REQUIREMENT >>
An exact copy of the lines from the top of the data through the line with "Used 2022 Tesla" is what you should give, with no pictures in it.

PROVIDED ENTRIES >>
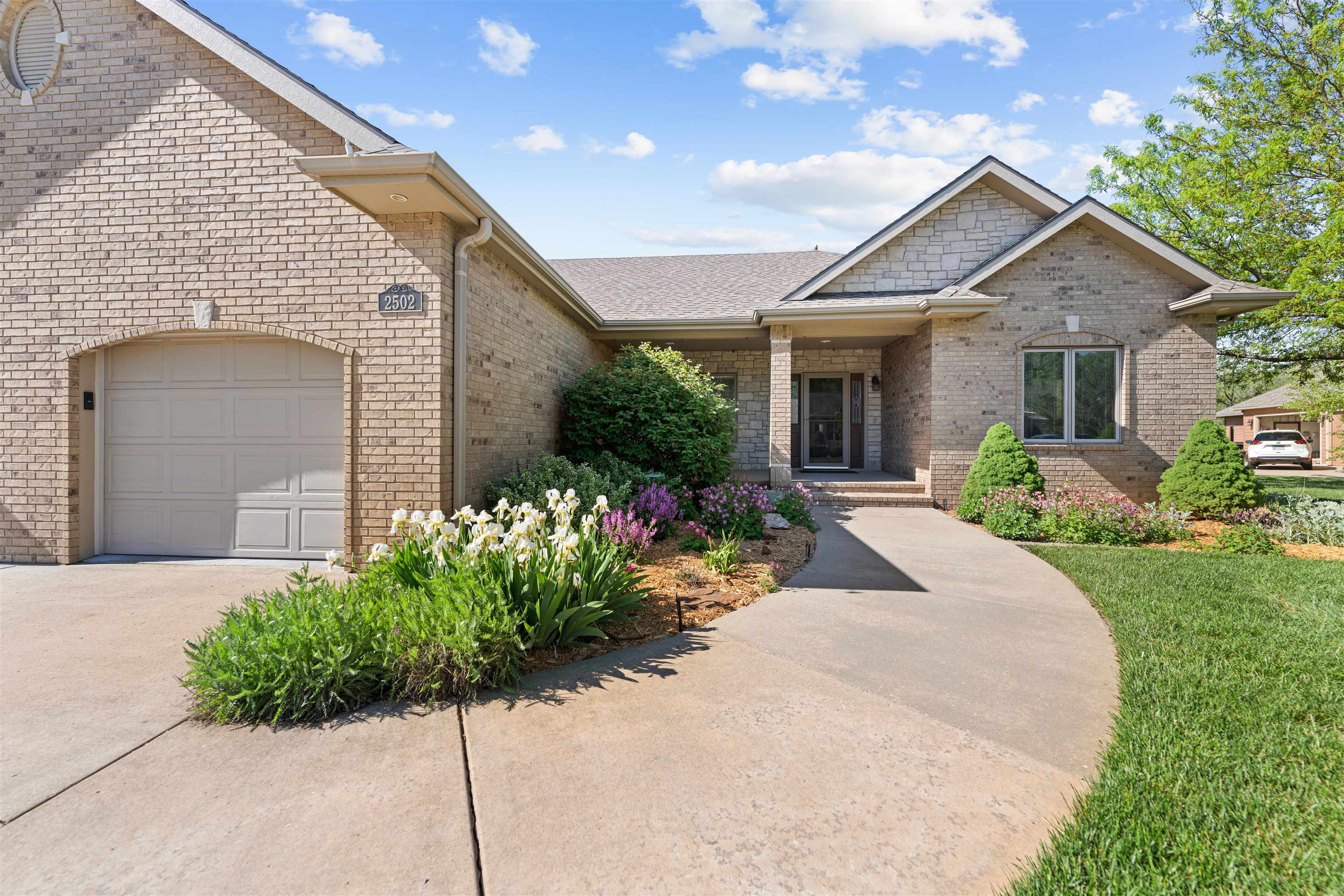 2502 Maclean Cir. Property Photo 2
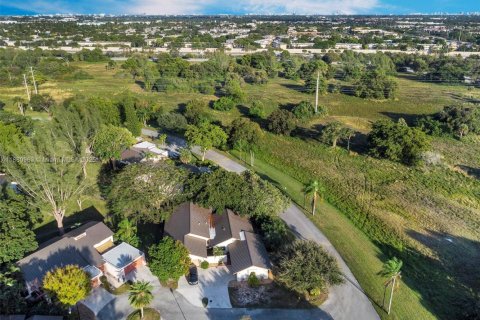 Condo in Lauderhill, Florida, 2 bedrooms  № 1922366 - photo 23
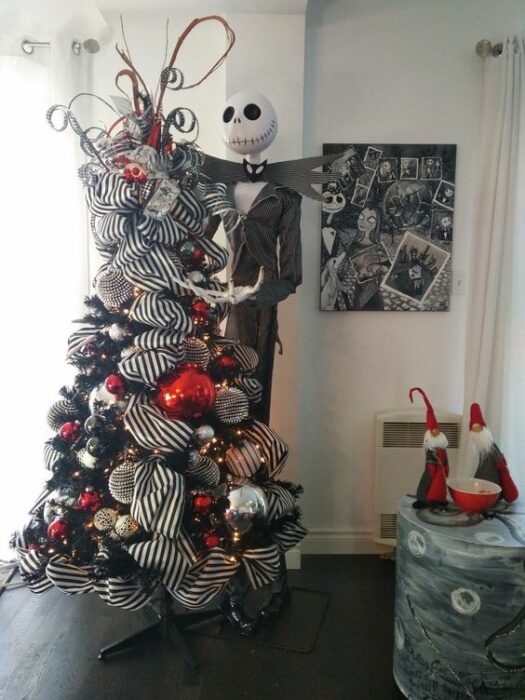árbol Navidad decorado con un gran listón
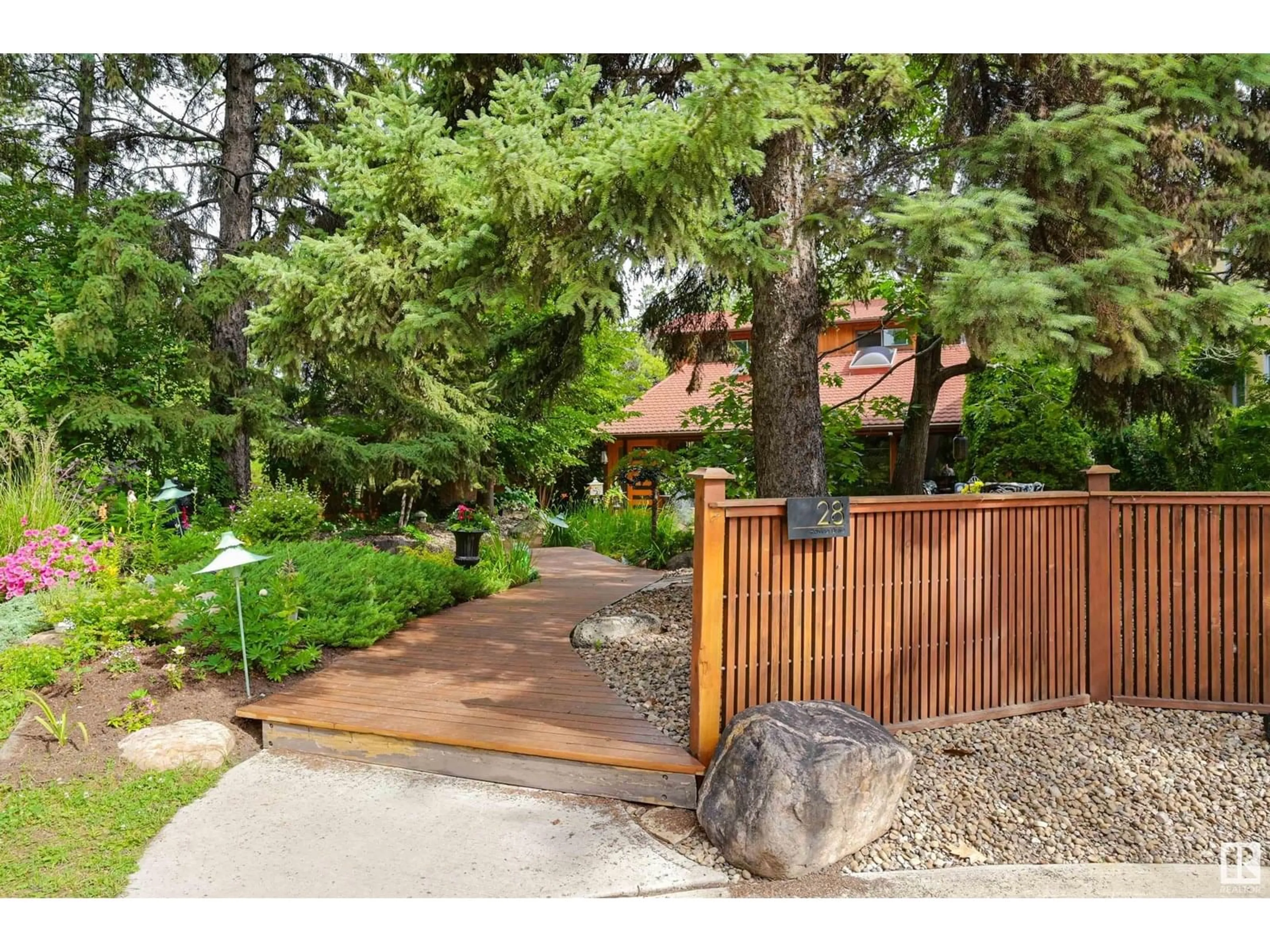 Unknown for 14228 RAVINE DR, Edmonton Alberta T5N3M2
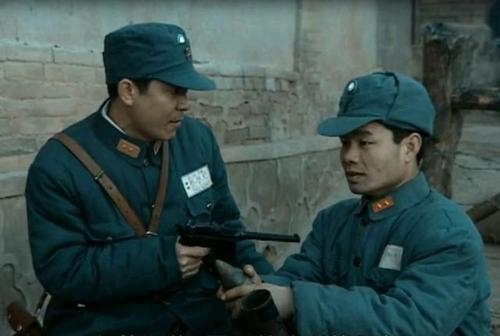 钱伯钧逃跑,为何身边要带一个卫兵?他想要破解楚云飞的"快枪"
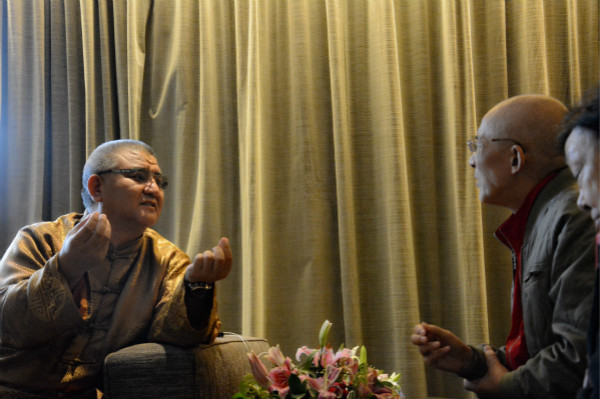 ���ù�����α����ڶ�üɽ�׼�����������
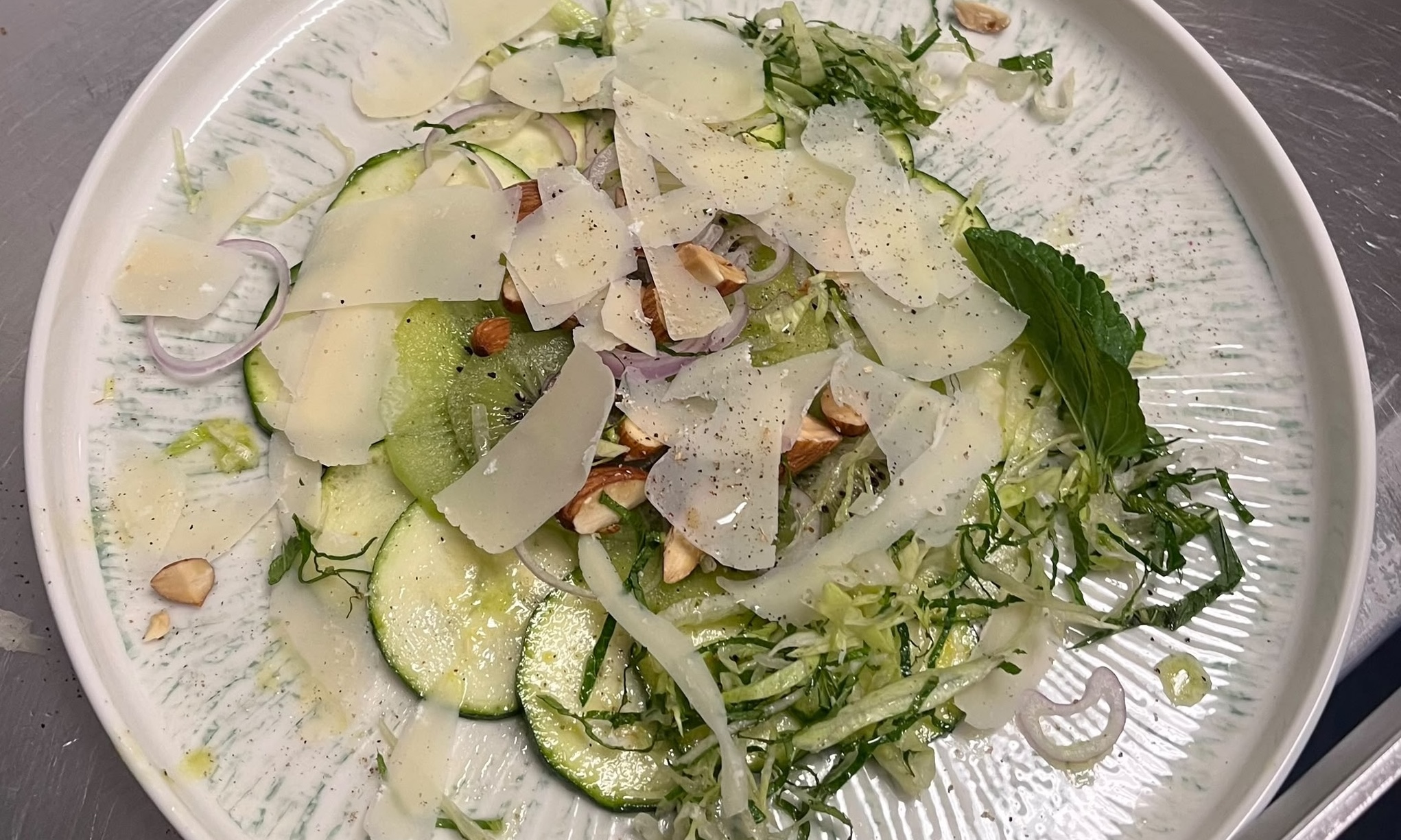 Recette carpaccio courgettes kiwi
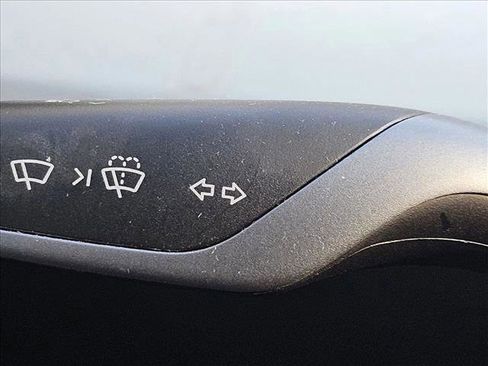 Used 2022 Tesla Model Y Performance AWD/4WD image 8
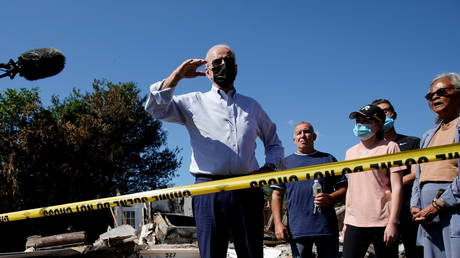 Joe Biden delivers remarks during his tour of a neighborhood affected by Hurricane Ida in Manville, New Jersey, September 7, 2021 © Reuters / Elizabeth Frantz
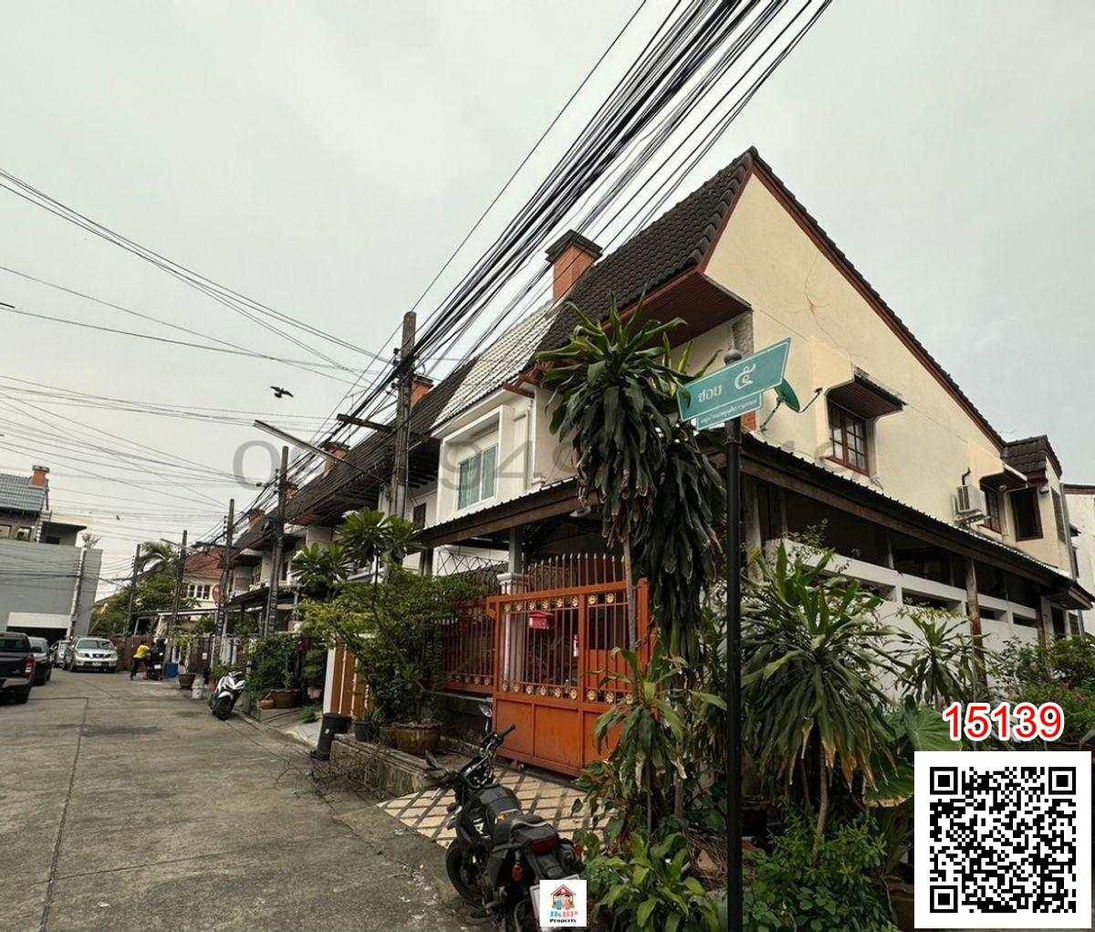 picture For rent: 2-storey home office, Lat Phrao 71, near the expressway, MRT, BTS (future), Central Eastville - 3/5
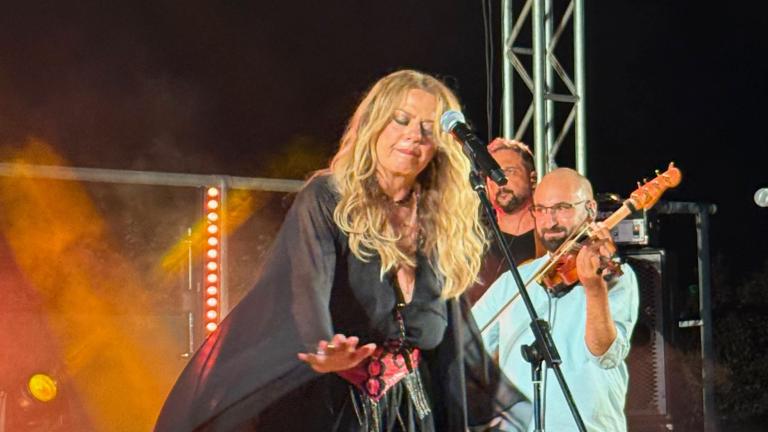 Η Ελένη Τσαλιγοπούλου απογείωσε το Attica Roots Festival με μια μαγική συναυλία στα Λιπάσματα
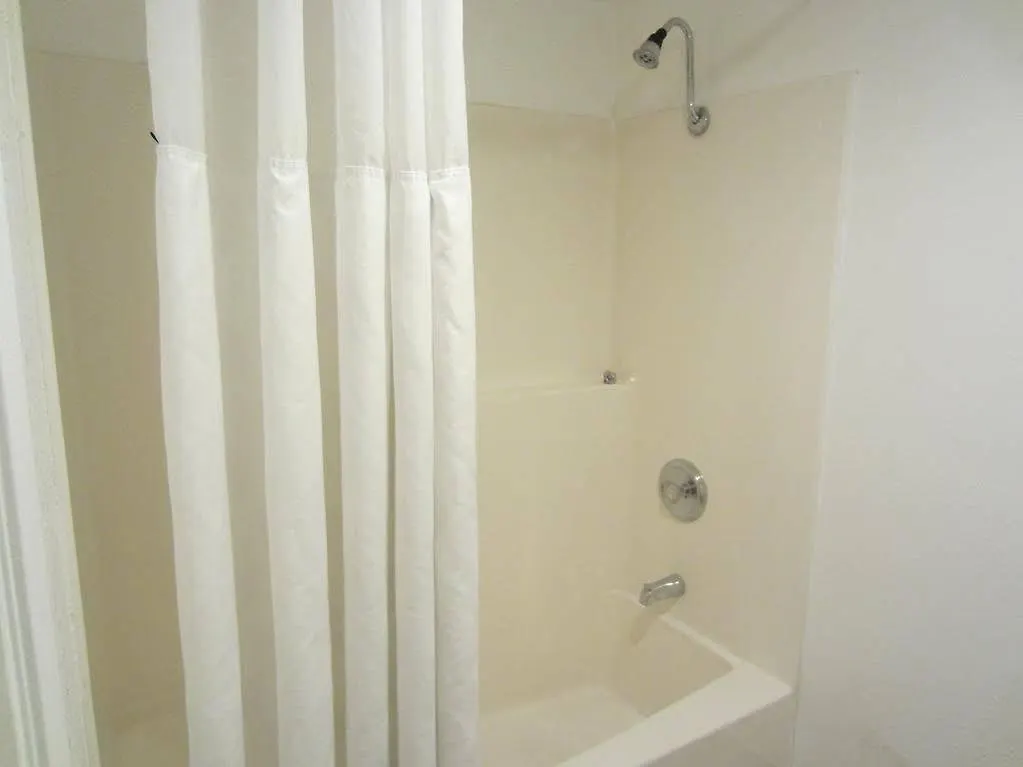 Hotel Capri Suites Anaheim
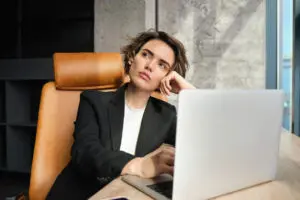 Should You Tell Your Boss You’re Applying Internally? A Decision Framework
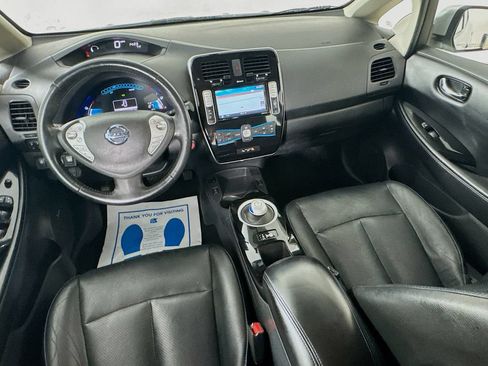Used 2014 Nissan Leaf SL w/ Premium Package FWD image 27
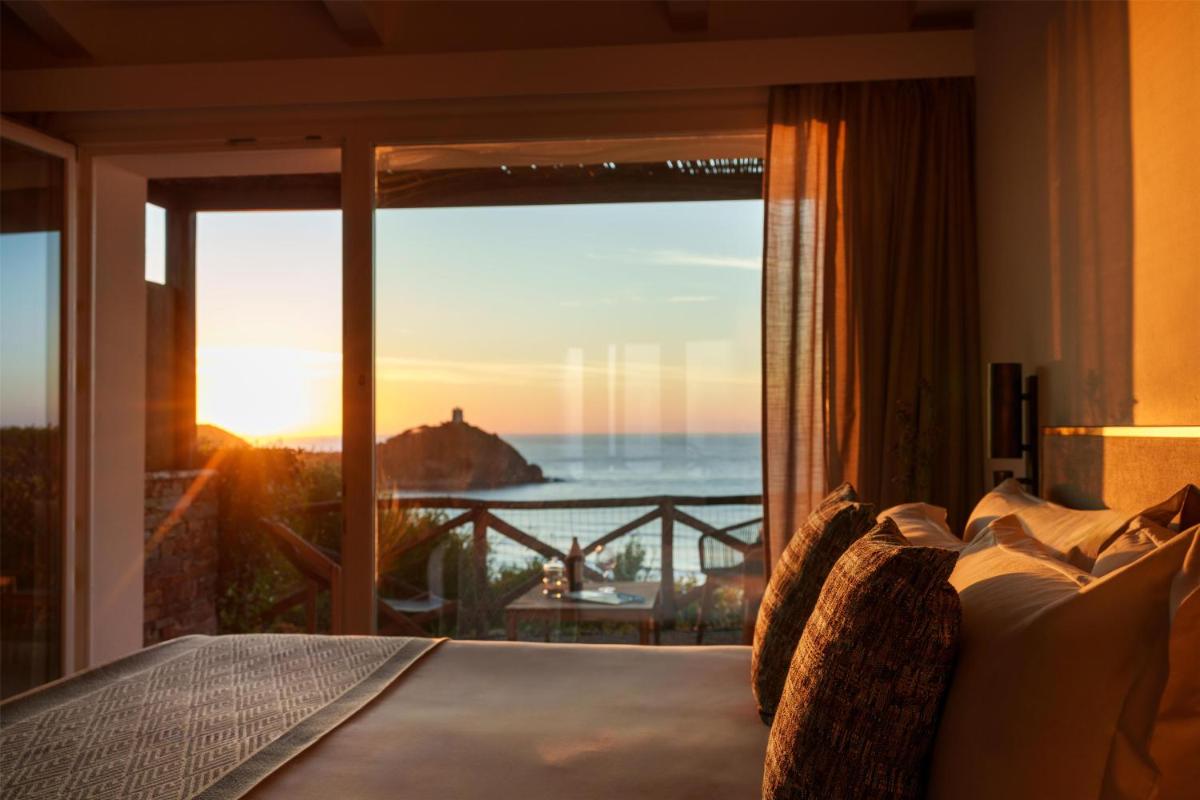 Baia Di Chia Resort Sardinia, Curio Collection By Hilton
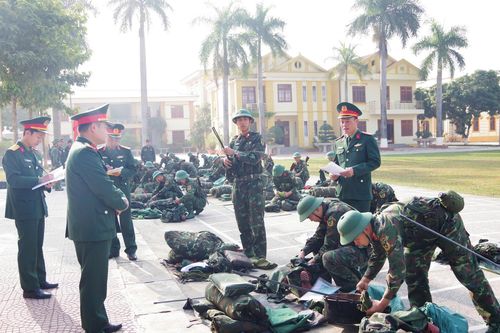 Bộ CHQS tỉnh kiểm tra sẵn sàng chiến đấu các đơn vị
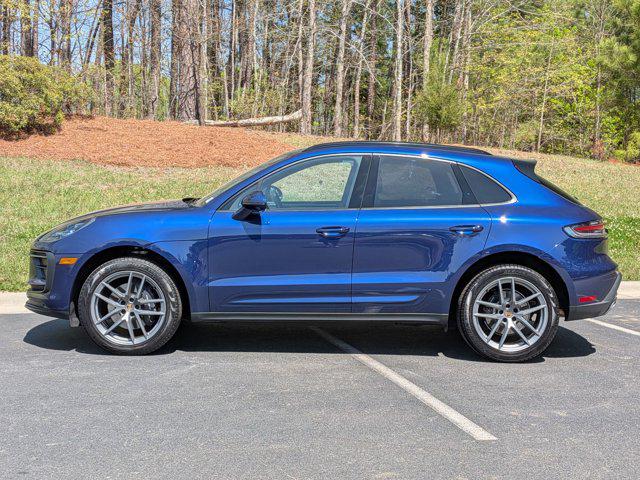 2025 Porsche Macan AWD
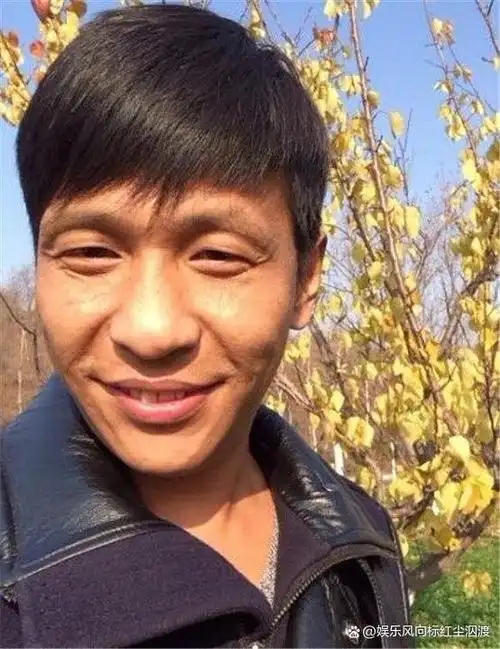 宋小宝是赵本山众多弟子中颜值最差的一位,别看相貌丑陋,可是论人气和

REPLY TO THE TASK >>
 2502 Maclean Cir. Property Photo 2
 Condo in Lauderhill, Florida, 2 bedrooms  № 1922366 - photo 23
árbol Navidad decorado con un gran listón
 Unknown for 14228 RAVINE DR, Edmonton Alberta T5N3M2
 钱伯钧逃跑,为何身边要带一个卫兵?他想要破解楚云飞的"快枪"
 ���ù�����α����ڶ�üɽ�׼�����������
 Recette carpaccio courgettes kiwi
 Used 2022 Tesla Model Y Performance AWD/4WD image 8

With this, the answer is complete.